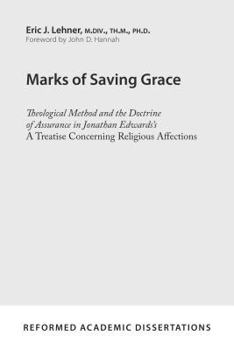 Paperback Marks of Saving Grace: Theological Method and the Doctrine of Assurance in Jonathan Edwards's a Treatise Concerning Religious Affections Book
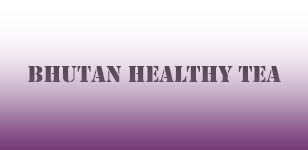 Bhutan Healthy Tea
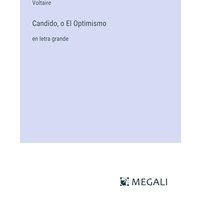 Candido, o El Optimismo: en letra grande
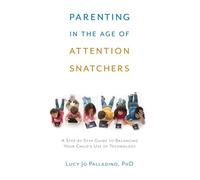 Parenting In The Age Of Attention Snatchers: A Step-By-Step Guide To Balancing Your Child's Use Of Technology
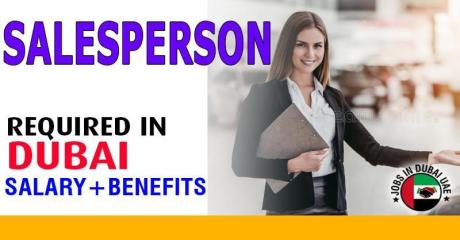Salesperson Required in Dubai -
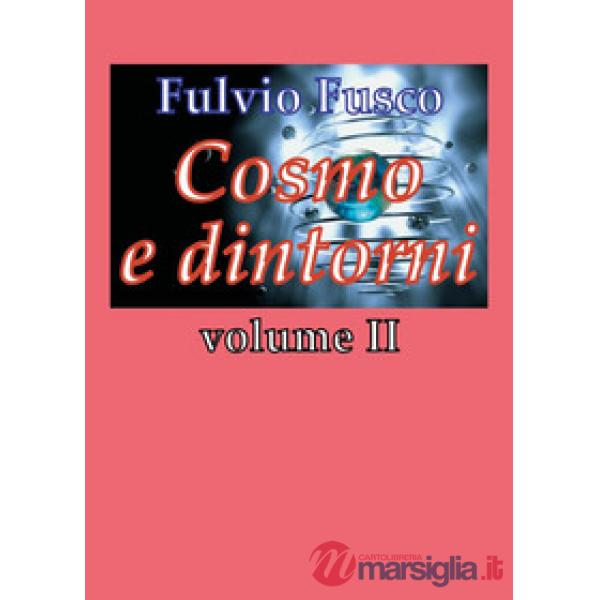 Cosmo e dintorni. Vol. 2
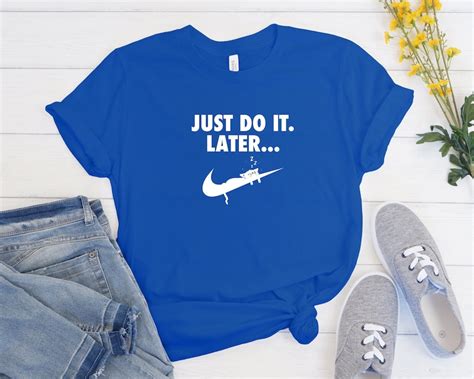 Just Do It Later Cat T Shirt Funny Mom Shirt Sarcastic Humor Etsy Uk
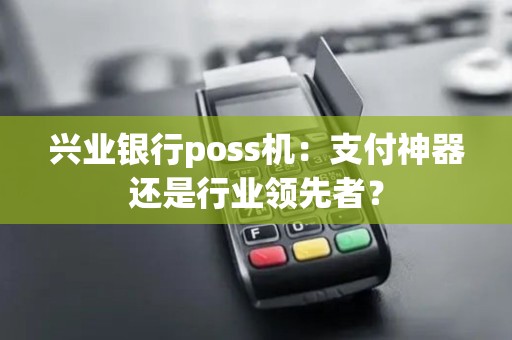 兴业银行poss机：支付神器还是行业领先者？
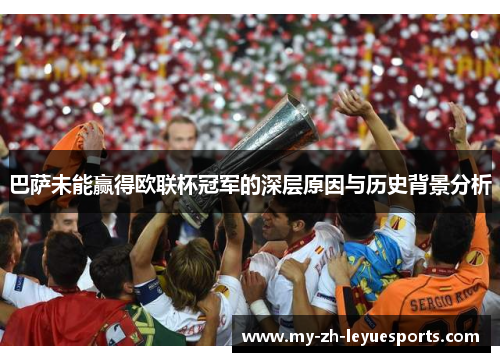 巴萨未能赢得欧联杯冠军的深层原因与历史背景分析 巴萨未能赢得欧联杯冠军的深层原因与历史背景分析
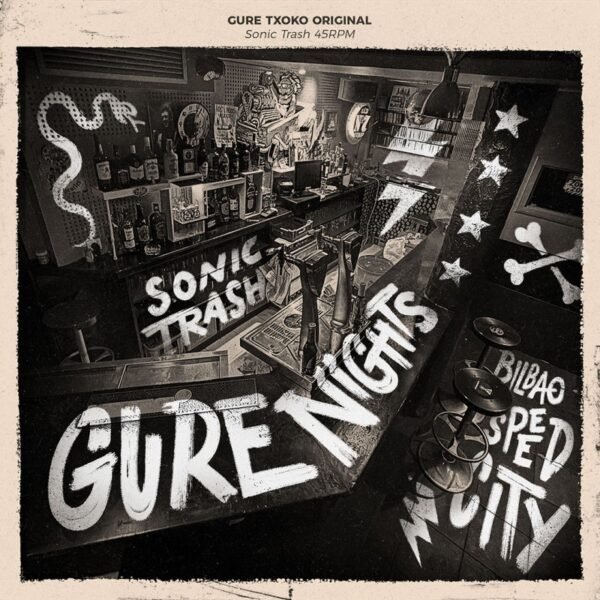 SONIC TRASH - Gure Nights – 7”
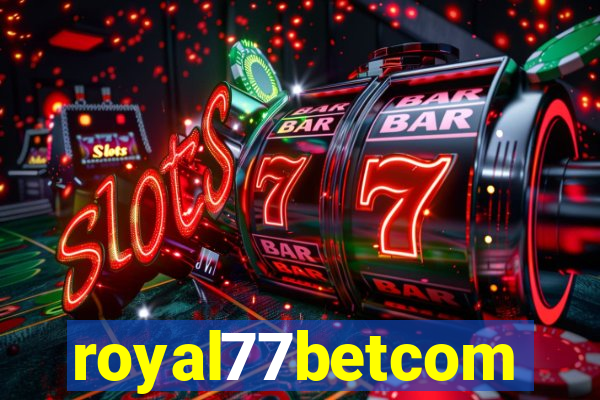 royal77betcom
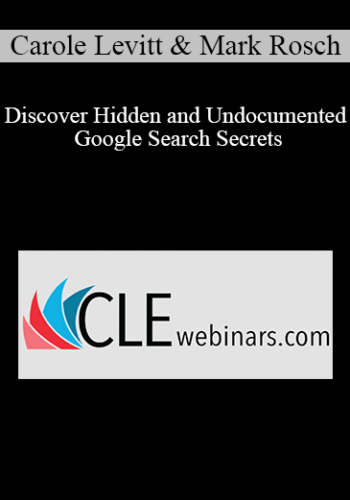 Carole Levitt, Mark Rosch – Discover Hidden And Undocumented Google Search Secrets
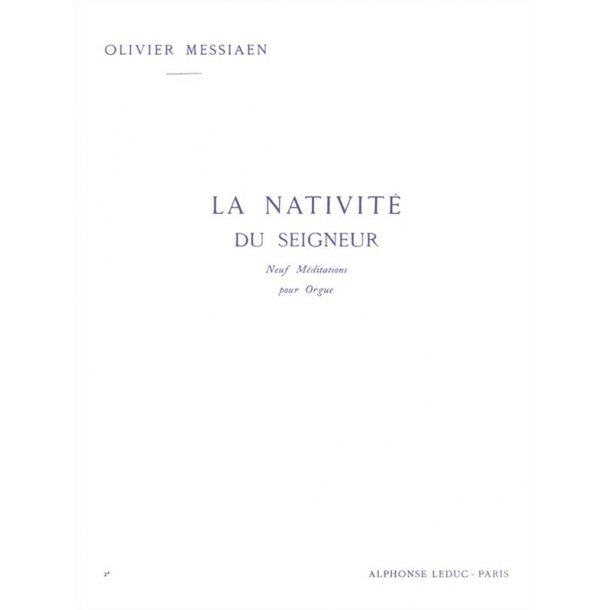 Olivier Messiaen: La Nativite Du Seigneur Volume 2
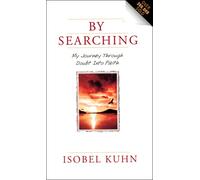 By Searching: My Journey Through Doubt into Faith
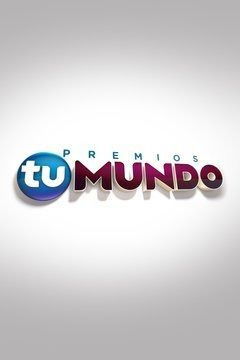 Сериал Premios Tu Mundo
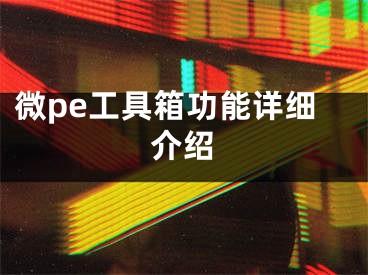 微pe工具箱功能详细介绍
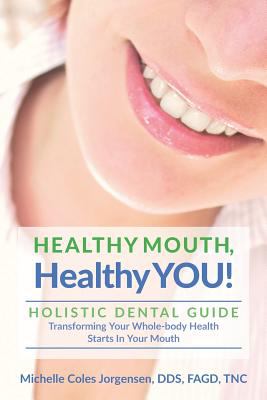 Healthy mouth, healthy you! : holistic dental guide : transforming your whole-body health starts in your mouth cover image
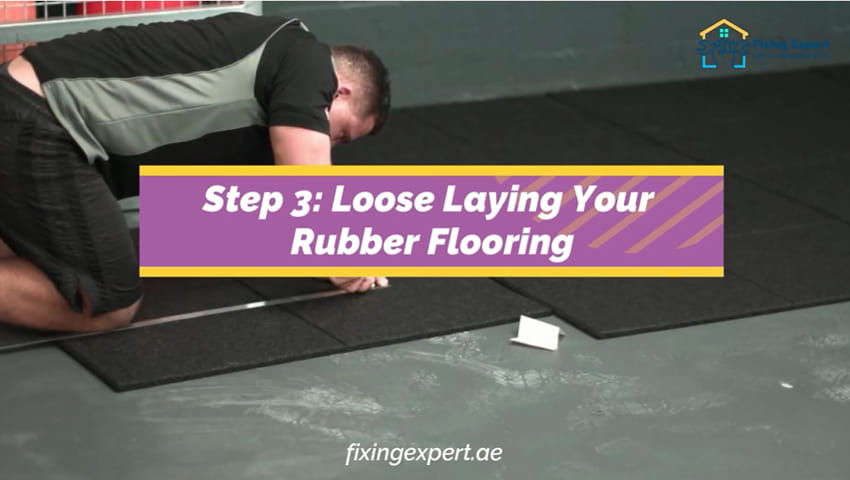 Loose Laying Your Rubber Flooring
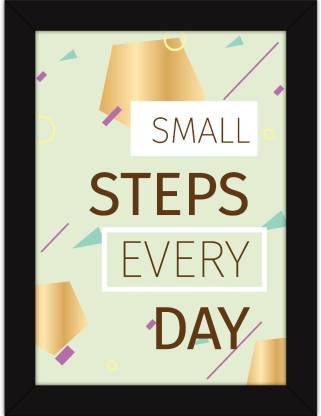 Motivational Posters For Office And Study Room - Home And Wall Decor - Small Steps Each Day Quote Fine Art Print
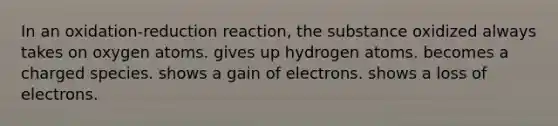 In an oxidation-reduction reaction, the substance oxidized always takes on oxygen atoms. gives up hydrogen atoms. becomes a charged species. shows a gain of electrons. shows a loss of electrons.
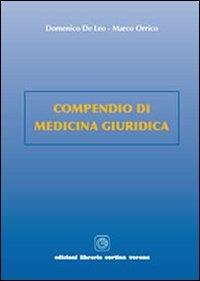 Compendio di medicina giuridica - Domenico De Leo,Marco Orrico - copertina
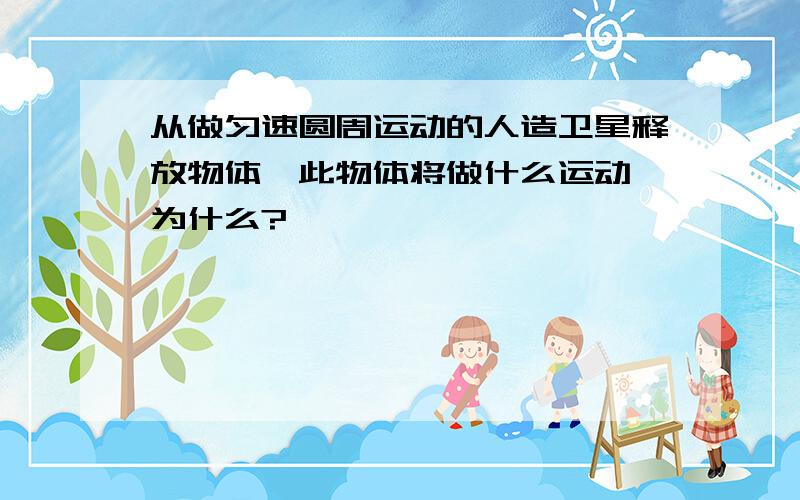 从做匀速圆周运动的人造卫星释放物体,此物体将做什么运动 为什么?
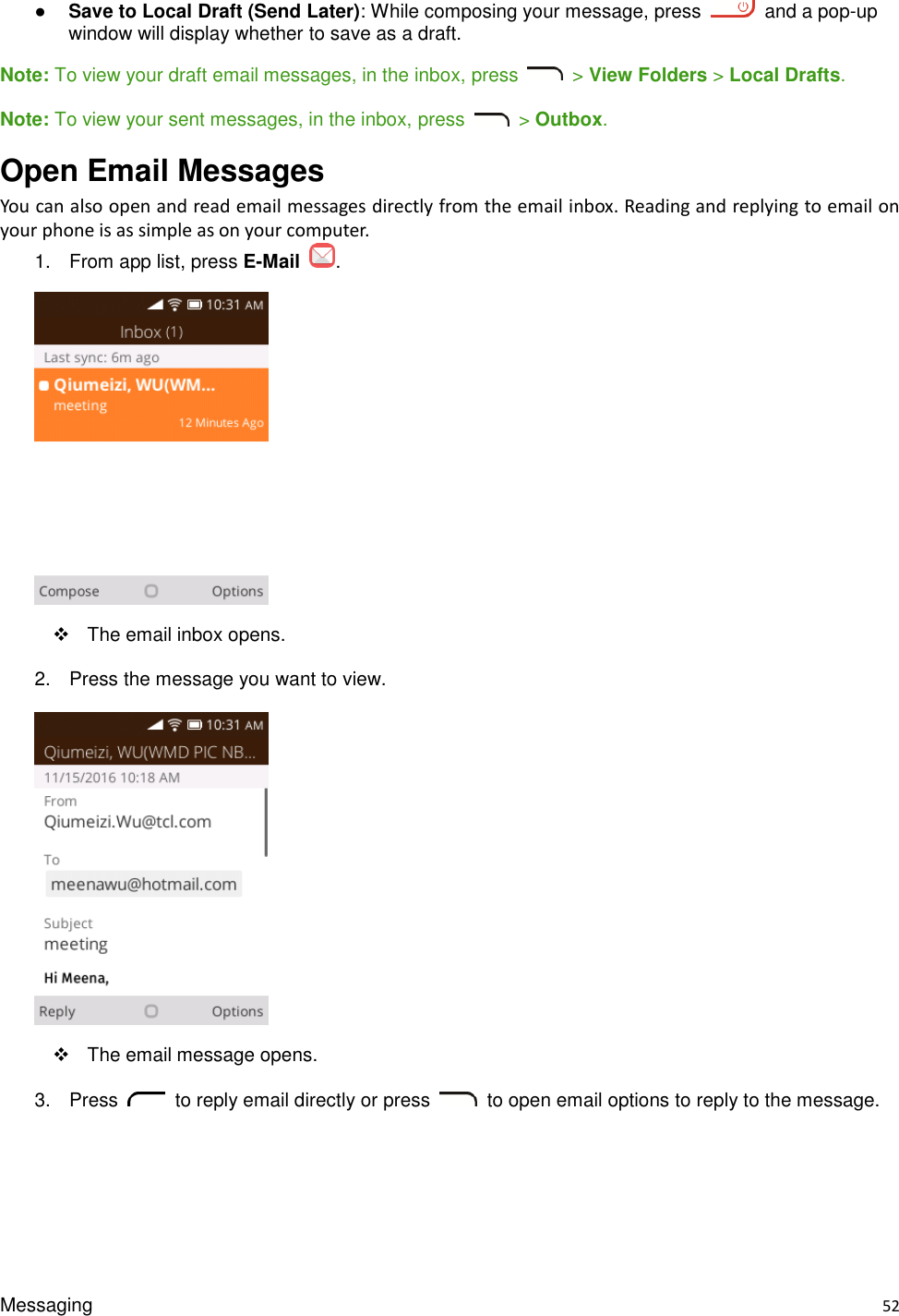 Messaging    52 ● Save to Local Draft (Send Later): While composing your message, press    and a pop-up window will display whether to save as a draft. Note: To view your draft email messages, in the inbox, press    &gt; View Folders &gt; Local Drafts. Note: To view your sent messages, in the inbox, press    &gt; Outbox. Open Email Messages You can also open and read email messages directly from the email inbox. Reading and replying to email on your phone is as simple as on your computer. 1.  From app list, press E-Mail  .    The email inbox opens. 2.  Press the message you want to view.    The email message opens. 3.  Press    to reply email directly or press    to open email options to reply to the message.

# # # #

*TASK ITEM*.
Everything above should be given again exactly, apart from the pictures.

*EXERCISE OUTPUT*.
 Paperback Marks of Saving Grace: Theological Method and the Doctrine of Assurance in Jonathan Edwards's a Treatise Concerning Religious Affections Book
 Bhutan Healthy Tea
 Candido, o El Optimismo: en letra grande
 Parenting In The Age Of Attention Snatchers: A Step-By-Step Guide To Balancing Your Child's Use Of Technology
Salesperson Required in Dubai -
 Cosmo e dintorni. Vol. 2
 Just Do It Later Cat T Shirt Funny Mom Shirt Sarcastic Humor Etsy Uk
 兴业银行poss机：支付神器还是行业领先者？
 巴萨未能赢得欧联杯冠军的深层原因与历史背景分析 巴萨未能赢得欧联杯冠军的深层原因与历史背景分析
 SONIC TRASH - Gure Nights – 7”
 royal77betcom
 Carole Levitt, Mark Rosch – Discover Hidden And Undocumented Google Search Secrets
 Olivier Messiaen: La Nativite Du Seigneur Volume 2
 By Searching: My Journey Through Doubt into Faith
 Сериал Premios Tu Mundo
 微pe工具箱功能详细介绍
 Healthy mouth, healthy you! : holistic dental guide : transforming your whole-body health starts in your mouth cover image
 Loose Laying Your Rubber Flooring
 Motivational Posters For Office And Study Room - Home And Wall Decor - Small Steps Each Day Quote Fine Art Print
 In an oxidation-reduction reaction, the substance oxidized always takes on oxygen atoms. gives up hydrogen atoms. becomes a charged species. shows a gain of electrons. shows a loss of electrons.
 Compendio di medicina giuridica - Domenico De Leo,Marco Orrico - copertina
 从做匀速圆周运动的人造卫星释放物体,此物体将做什么运动 为什么?
 Messaging    52 ● Save to Local Draft (Send Later): While composing your message, press    and a pop-up window will display whether to save as a draft. Note: To view your draft email messages, in the inbox, press    &gt; View Folders &gt; Local Drafts. Note: To view your sent messages, in the inbox, press    &gt; Outbox. Open Email Messages You can also open and read email messages directly from the email inbox. Reading and replying to email on your phone is as simple as on your computer. 1.  From app list, press E-Mail  .    The email inbox opens. 2.  Press the message you want to view.    The email message opens. 3.  Press    to reply email directly or press    to open email options to reply to the message.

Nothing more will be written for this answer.